9 Regeling van werkzaamheden

De voorzitter:

Op verzoek van de aanvrager stel ik voor om het dertigledendebat over het bericht dat er te weinig geld is voor ouderenzorg van de lijst af te voeren.

Ik stel voor om vanmiddag ook te stemmen over de aangehouden motie-Lodders (33750-XIII, nr. 44) en de aangehouden motie-Rog (33750-VIII, nr. 29).

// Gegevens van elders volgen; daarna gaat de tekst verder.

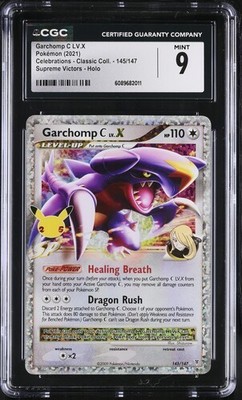 Garchomp C LV.X 145/147 Celebrations: Classic Collection Holo for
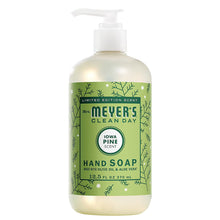 Mrs. Meyer's Clean Day hand soap bottle, Iowa Pine scent, 12.5 fl oz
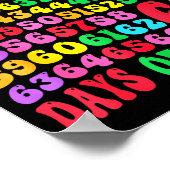 Poster 67th Day Of School Teacher Kids 67 Math Numbers 10 (Coin)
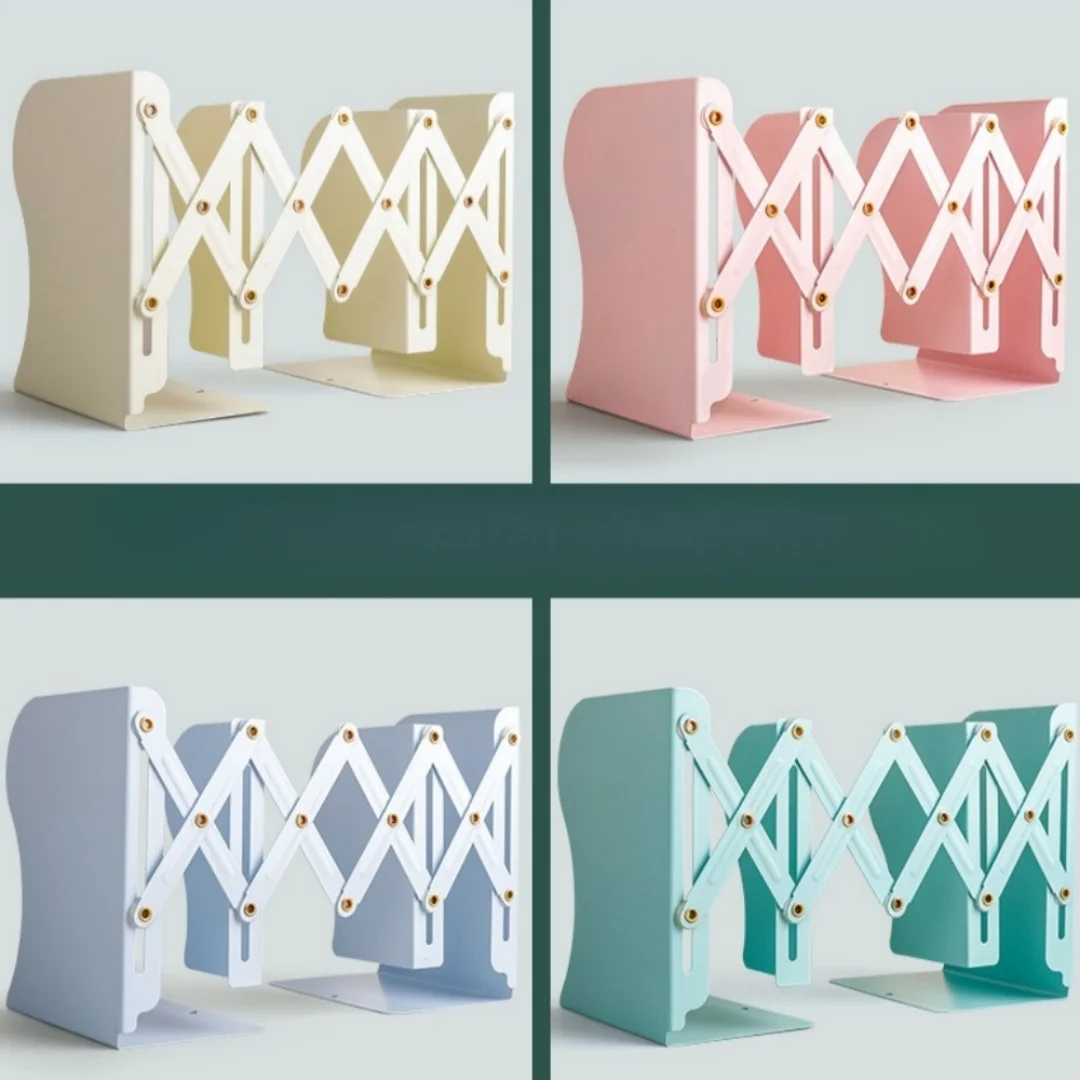 Extendable Bookshelf For Office Documents Student Book Storage Desktop Bookshelf Multi Color Four Grid Bookshelf For Students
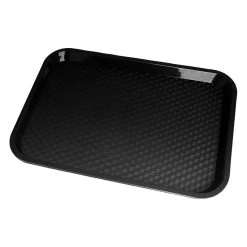 Plateau De Cafétéria 14" X 18" - Noir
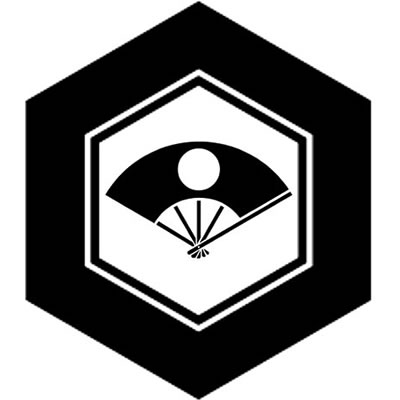 亀甲に日の丸扇（２）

Op verzoek van een aantal leden stel ik voor, enkele door hen ingediende moties opnieuw aan te houden. Dit betekent dat de in artikel 69, tweede lid, van het Reglement van Orde genoemde termijn van twee maanden voor de volgende moties opnieuw gaat lopen:

  • -de gewijzigde motie-Dik-Faber (30195, nr. 40, was nr. 38);

  • -de motie-Dik-Faber (30195, nr. 39);

  • -de motie-Dik-Faber c.s. (30872, nr. 138);

  • -de motie-Dik-Faber (29984, nr. 396);

  • -de motie-Dik-Faber c.s. (29984, nr. 354);

  • -de motie-Dik-Faber (21501-08, nr. 464).

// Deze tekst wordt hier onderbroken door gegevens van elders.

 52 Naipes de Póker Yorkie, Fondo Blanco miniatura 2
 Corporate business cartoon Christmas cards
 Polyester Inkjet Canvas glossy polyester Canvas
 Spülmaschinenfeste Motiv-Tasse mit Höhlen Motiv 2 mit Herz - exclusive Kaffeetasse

Ik stel voor, toe te voegen aan de agenda:

  • -het VAO Internationalisering in het onderwijs, naar aanleiding van een algemeen overleg gehouden op 12 december jongstleden, met als eerste spreker de heer Duisenberg van de VVD;

  • -het VAO Eerstelijnszorg, naar aanleiding van een algemeen overleg gehouden op 12 december jongstleden, met als eerste spreker de heer Van Gerven van de SP;

  • -het VAO Externe veiligheid / handhaving, naar aanleiding van een algemeen overleg gehouden op 12 december jongstleden, met als eerste spreker mevrouw Van Tongeren van GroenLinks;

  • -het VAO EU-arbeidsmigranten, naar aanleiding van een algemeen overleg gehouden op 12 december jongstleden, met als eerste spreker de heer Van Klaveren van de PVV-fractie.

Ik stel de Kamer voorts voor om mij in de gelegenheid te stellen eventuele andere VAO's deze week toe te voegen aan de agenda, mocht daaraan behoefte zijn.

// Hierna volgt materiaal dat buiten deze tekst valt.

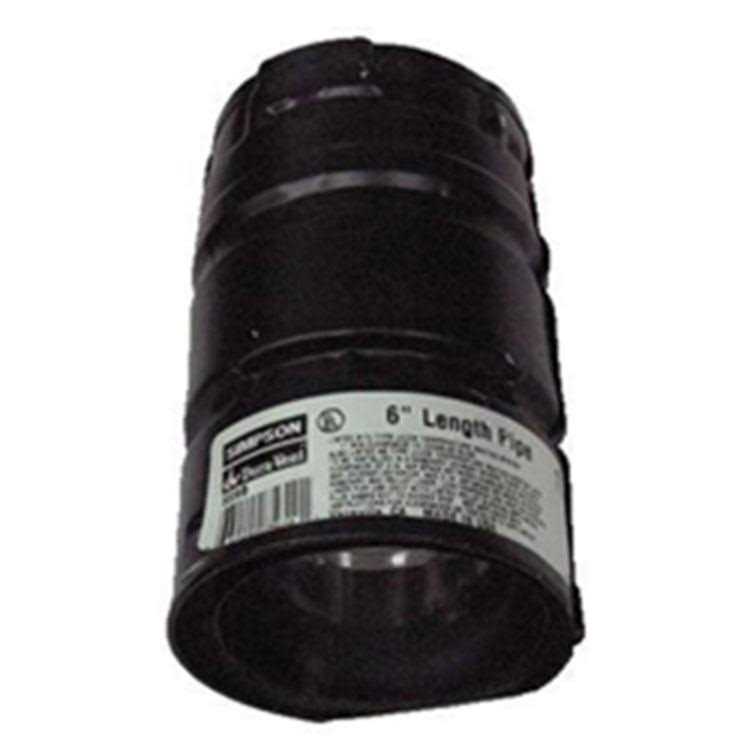 DuraVent PelletVent 3 Inch Diameter Black Vent Pipe - Zenithce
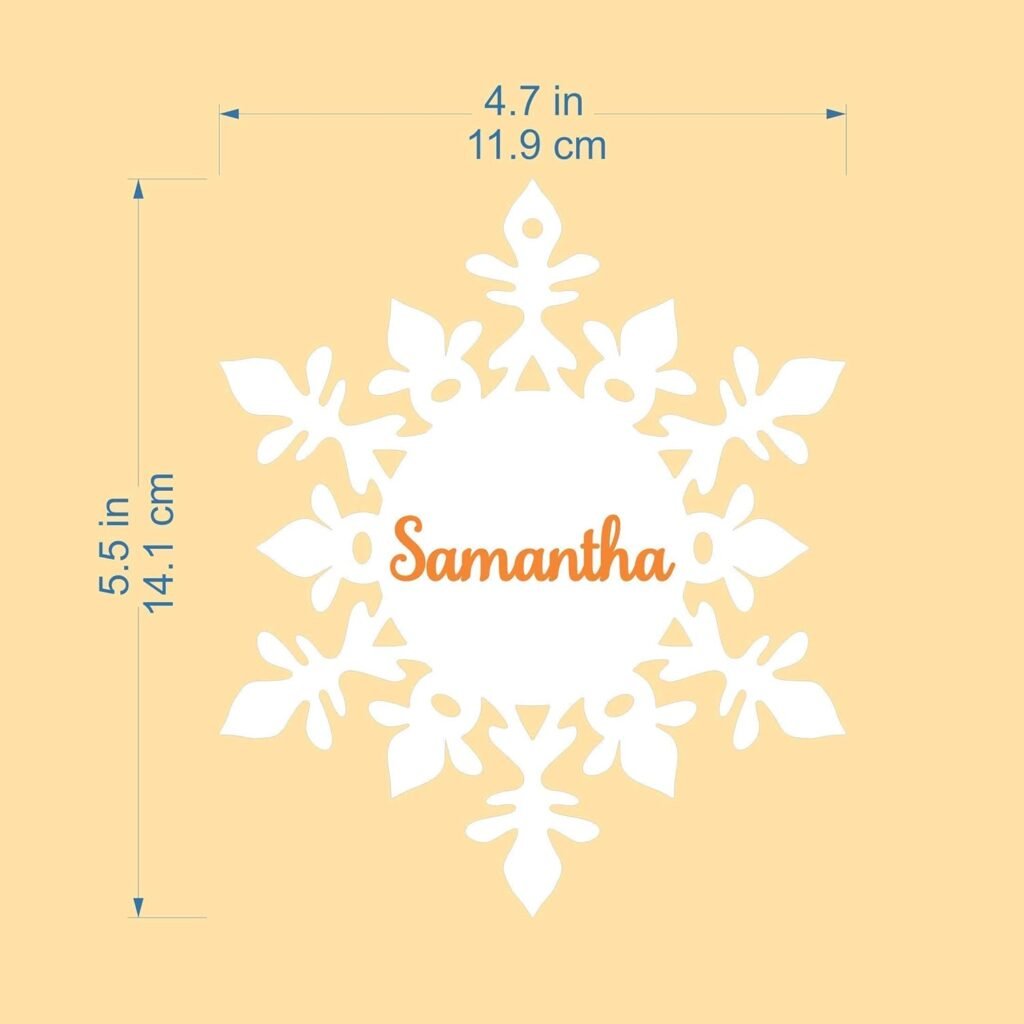 Personalized White Acrylic Snowflakes, Custom Hanging Name Ornaments, Handmade Keepsakes, Custom Name Baubles, Christmas 2024, Gift Name Tags, Xmas Tree Decorations, Home Decor, Gifts for Family Personalized White Acrylic Snowflakes, Custom Hanging Name Ornaments, Handmade Keepsakes, Custom Name Baubles, Christmas 2024, Gift Name Tags, Xmas Tree Decorations, Home Decor, Gifts for Family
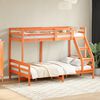 vidaXL Bunk Bed without Mattress 90x200/120x200 cm Wax Brown Solid Wood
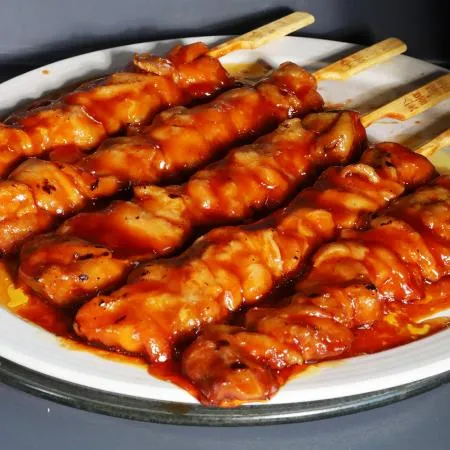 ★무료배송★ 참숯구이닭꼬치 (숯불달콤 맛) 1팩(5개입) 475g * 10 / 꼬지, 꼬치, 닭꼬지, 닭꼬치, 치킨, 순살, 순살치킨 이미지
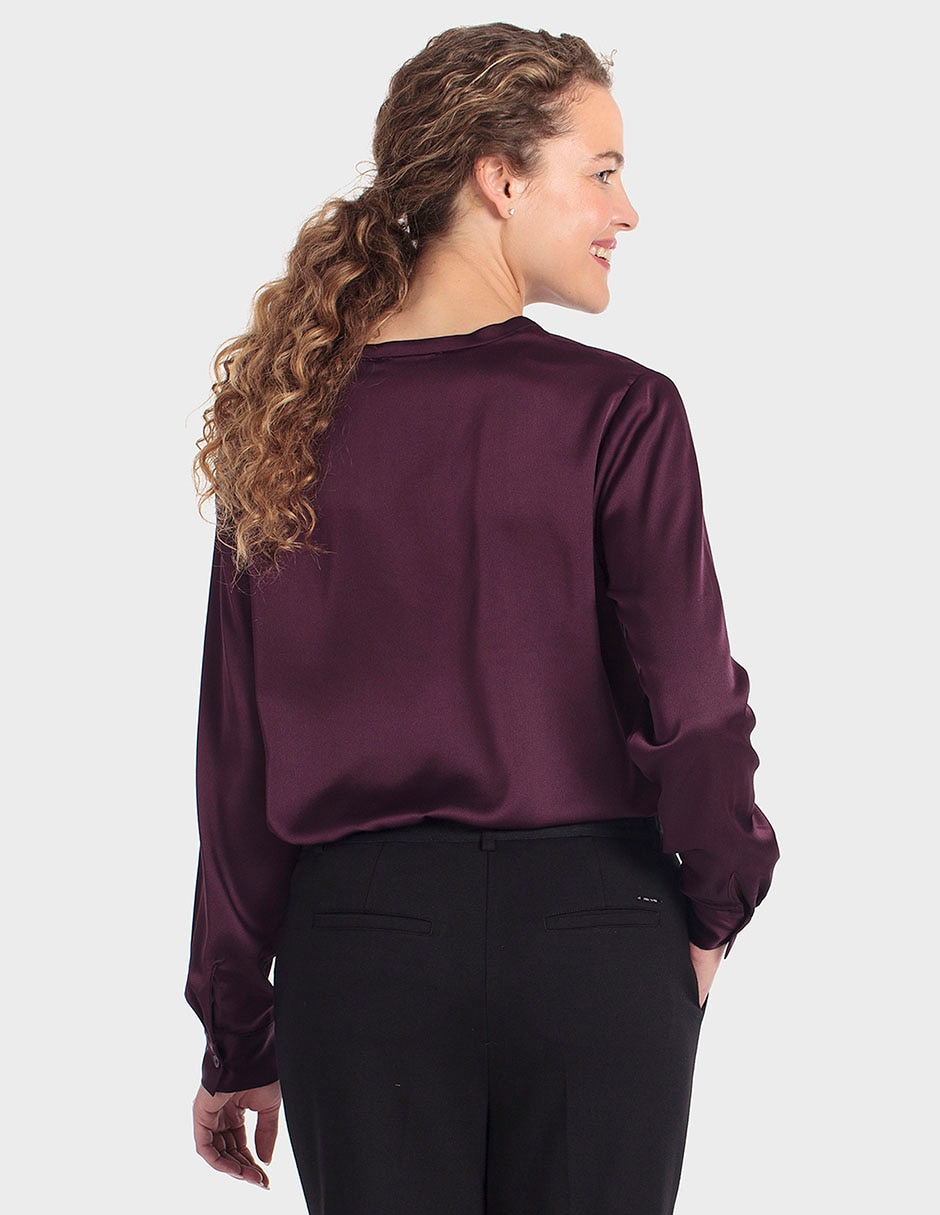 Blusa manga larga para mujer 2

Overeenkomstig de voorstellen van de voorzitter wordt besloten.

De voorzitter:

Ik geef het woord aan mevrouw Dik-Faber.

Mevrouw Dik-Faber (ChristenUnie):

Voorzitter. Het herlabelen van Noorse stroom uit waterkracht draagt niet bij aan de vergroening van onze energievoorziening. Wij hebben daarover tijdens de mondelinge vragen al even gesproken. Ik vond dat eerlijk gezegd niet heel bevredigend. Het pluspunt was wel dat wij nu een brief van de regering zullen ontvangen met berekeningen van de kosten als wij echt groene stroom gaan inkopen. Mijn voorstel is om een debat te voeren met de minister van Economische Zaken als die brief ontvangen is.

De voorzitter:

Een verzoek tot het houden van een debat over het sjoemelen met groene stroom.

De heer Paulus Jansen (SP):

Laten we nu gewoon ordentelijk werken: eerst de brief afwachten en daarna een besluit nemen. Mijn ervaring is dat een algemeen overleg in zo'n geval de kortste weg is naar een debat met de minister.

De voorzitter:

Geen steun voor een debat dus.

Mevrouw Van Veldhoven (D66):

De minister voor Wonen en Rijksdienst heeft mij in het mondelinge vragenuur een brief toegezegd. Die wacht ik graag af. Dan kunnen we op basis daarvan wat mij betreft bepalen of we nog een debat gaan doen.

De voorzitter:

Op dit moment geen steun voor het houden van een debat.

De heer Leegte (VVD):

De vaste commissie voor Economische Zaken onderzoekt bij zichzelf of zij de plenaire zaal minder kan belasten. Volgens mij is dit een goed voorbeeld van waar we dat minder kunnen doen, dus geen steun voor dit debat.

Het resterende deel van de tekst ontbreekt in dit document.